■ The input ■
=====

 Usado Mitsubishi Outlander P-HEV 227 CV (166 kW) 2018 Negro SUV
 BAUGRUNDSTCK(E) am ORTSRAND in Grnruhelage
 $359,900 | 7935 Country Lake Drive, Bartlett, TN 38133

=====

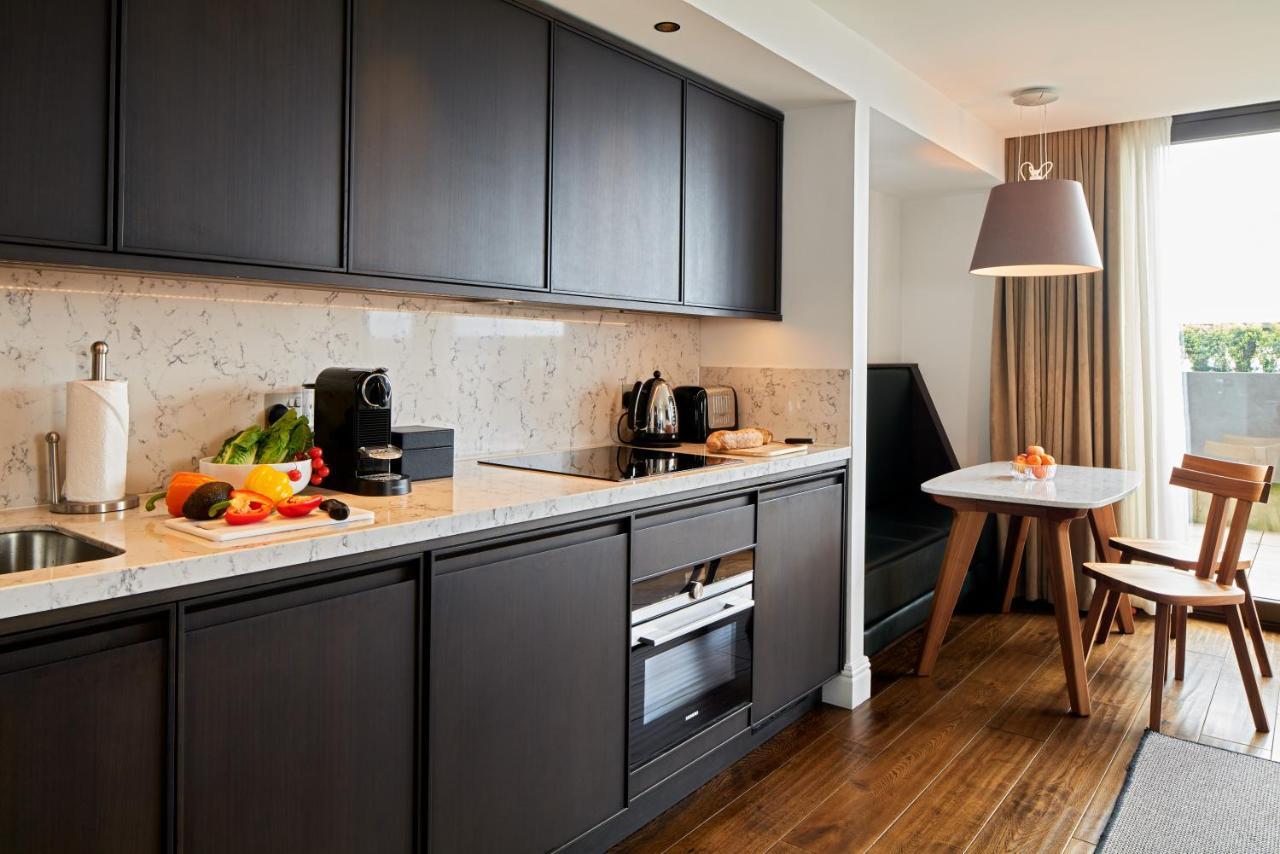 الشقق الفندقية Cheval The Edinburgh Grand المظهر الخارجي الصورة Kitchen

=====

■ Aim of the task ■
Retype only the stretch of lines above starting at the one with "Usado Mitsubishi Outlander" and stopping at the one with "Bartlett, TN 38133", exactly as written, with both kept.

■ Exercise result ■
 Usado Mitsubishi Outlander P-HEV 227 CV (166 kW) 2018 Negro SUV
 BAUGRUNDSTCK(E) am ORTSRAND in Grnruhelage
 $359,900 | 7935 Country Lake Drive, Bartlett, TN 38133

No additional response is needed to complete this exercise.